[[ RECORDS FOR PROCESSING open ]]

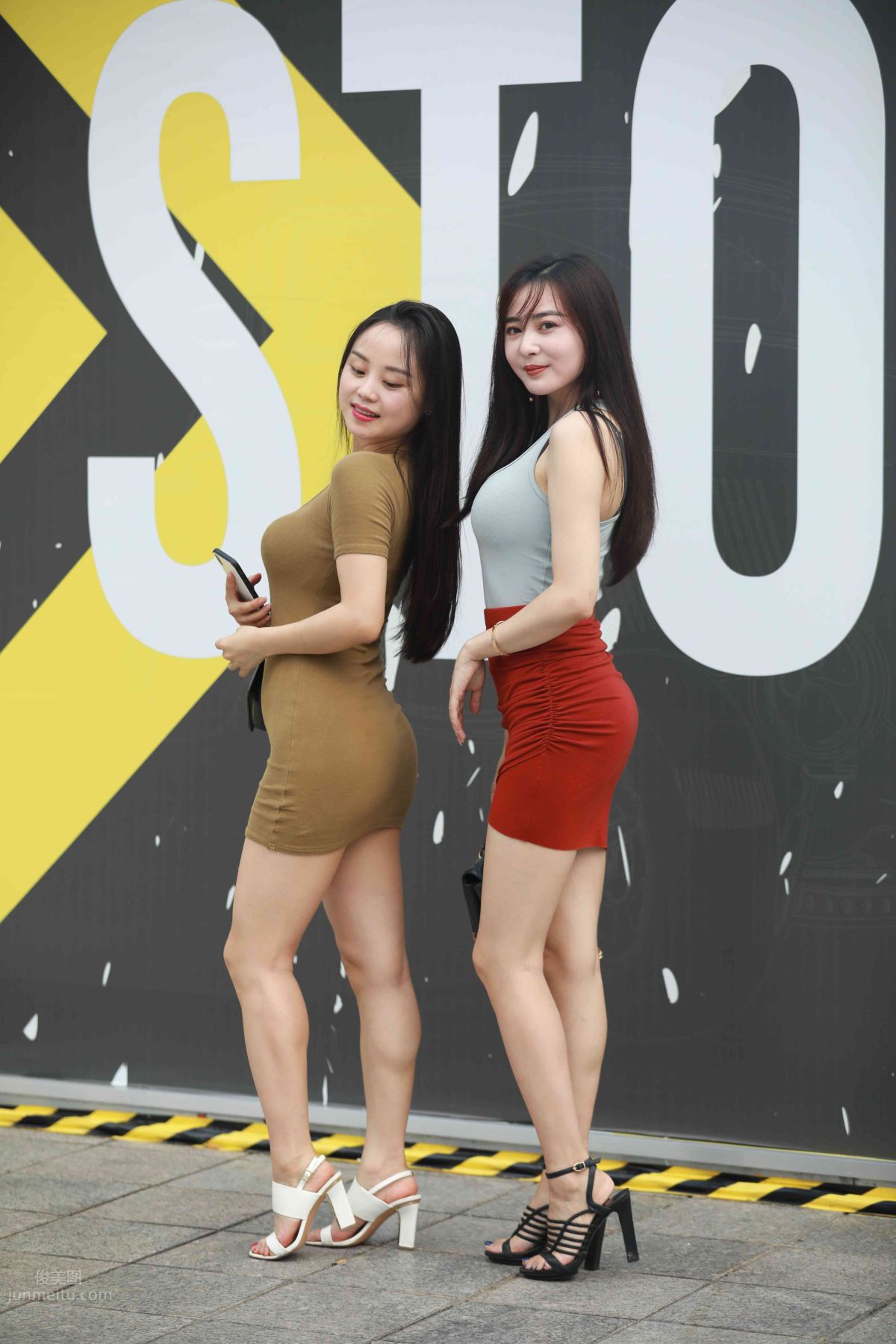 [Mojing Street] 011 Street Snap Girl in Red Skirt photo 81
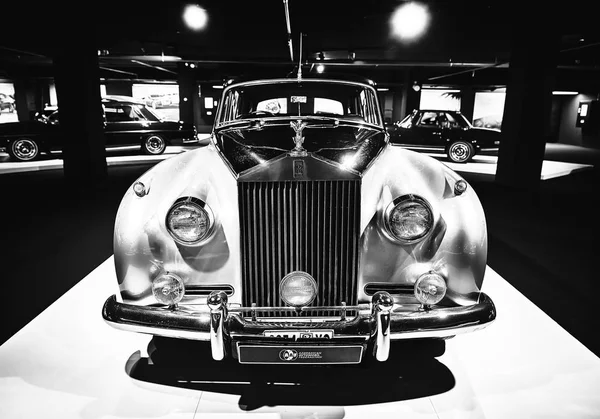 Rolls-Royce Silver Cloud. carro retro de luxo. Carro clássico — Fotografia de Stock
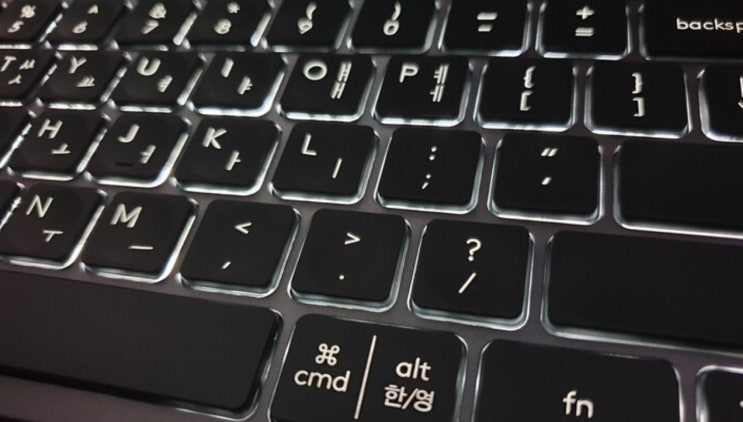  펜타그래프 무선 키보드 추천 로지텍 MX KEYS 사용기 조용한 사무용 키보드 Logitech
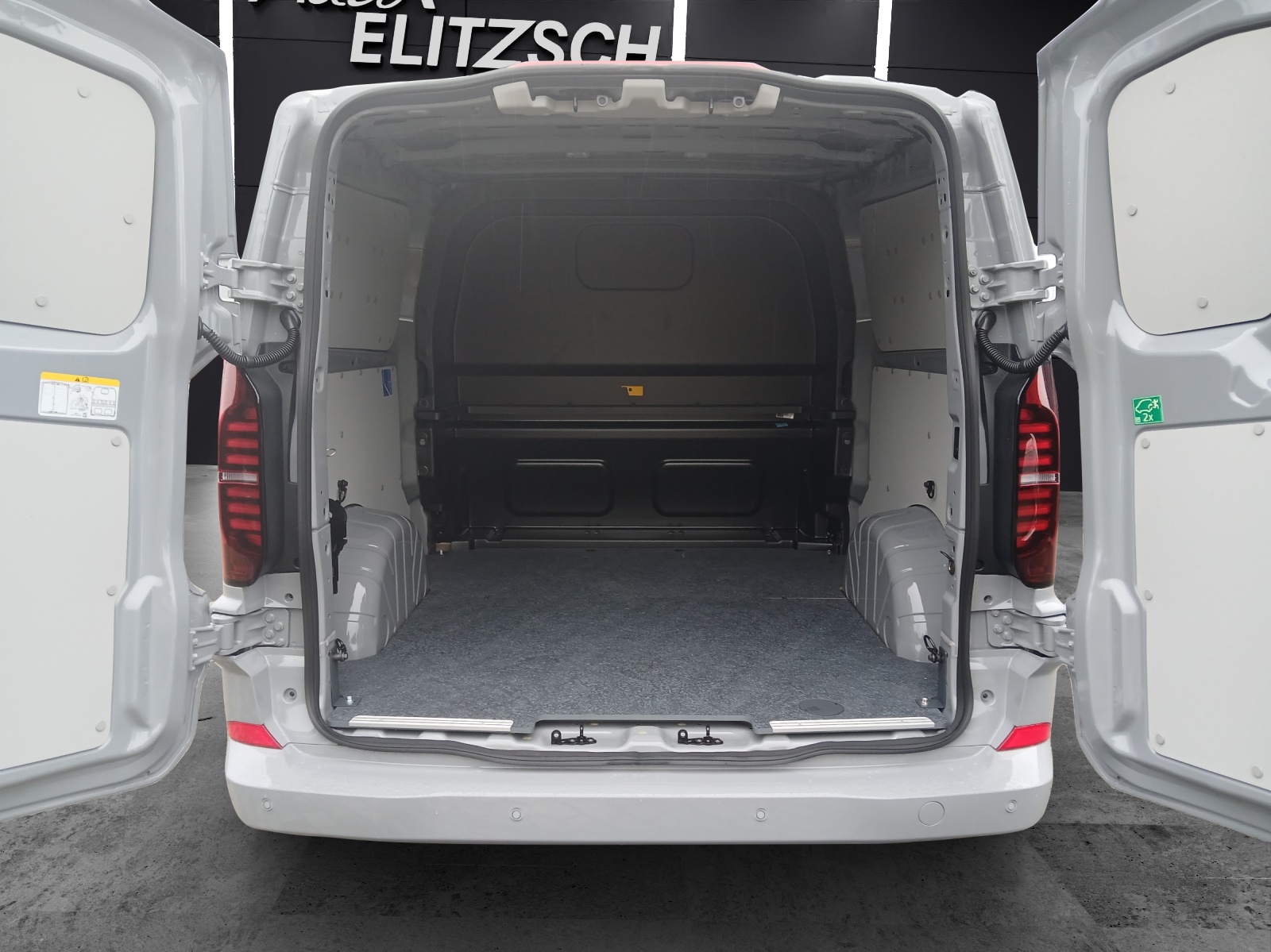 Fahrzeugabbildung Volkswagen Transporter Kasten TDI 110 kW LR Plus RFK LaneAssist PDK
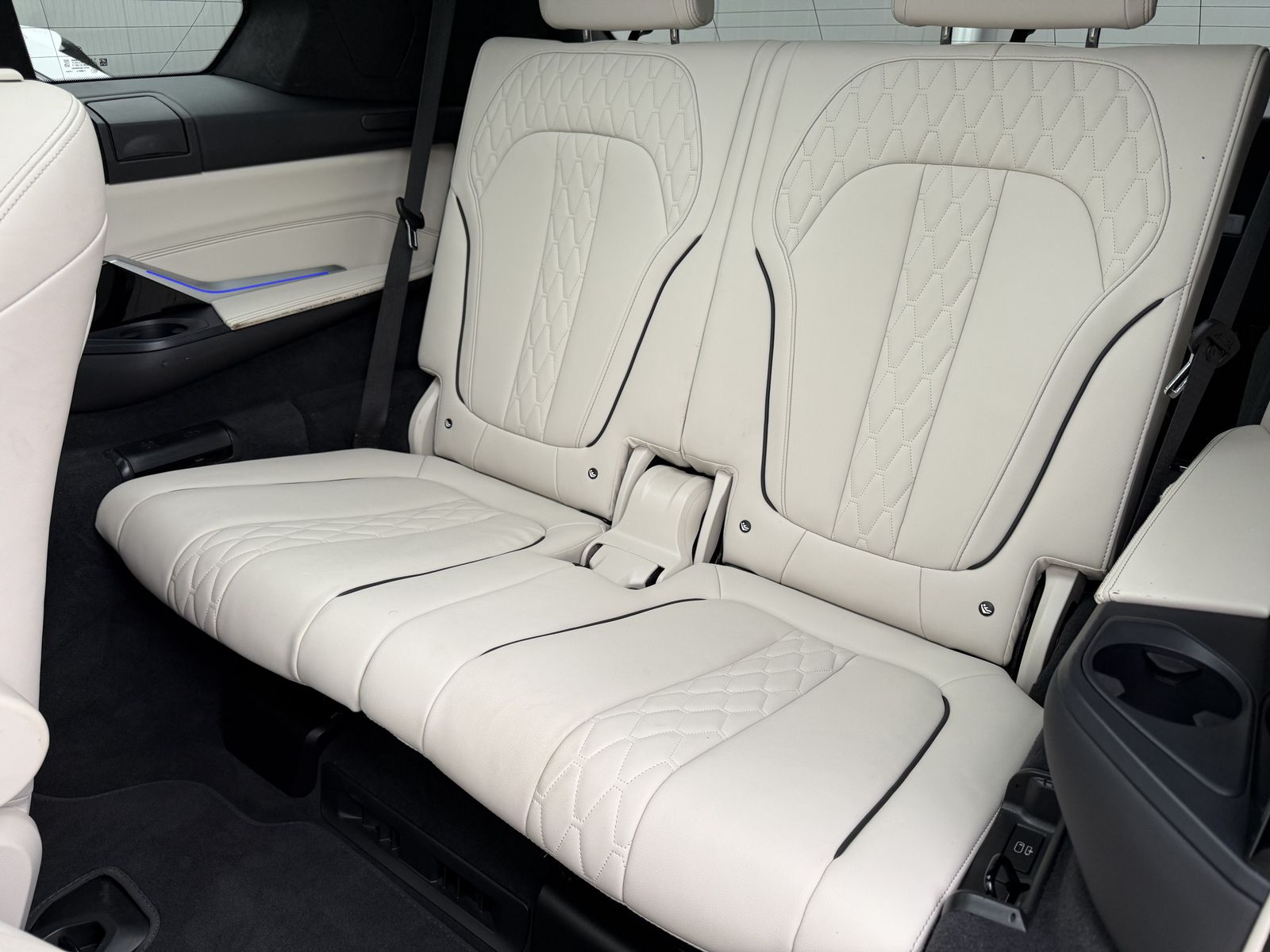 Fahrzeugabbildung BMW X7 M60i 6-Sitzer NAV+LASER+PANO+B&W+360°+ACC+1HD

[[ RECORDS FOR PROCESSING closed ]]

Exactly as written, return each line above and leave the pictures behind.

WRITTEN REPLY:
 [Mojing Street] 011 Street Snap Girl in Red Skirt photo 81
 Rolls-Royce Silver Cloud. carro retro de luxo. Carro clássico — Fotografia de Stock
  펜타그래프 무선 키보드 추천 로지텍 MX KEYS 사용기 조용한 사무용 키보드 Logitech
 Fahrzeugabbildung Volkswagen Transporter Kasten TDI 110 kW LR Plus RFK LaneAssist PDK
 Fahrzeugabbildung BMW X7 M60i 6-Sitzer NAV+LASER+PANO+B&W+360°+ACC+1HD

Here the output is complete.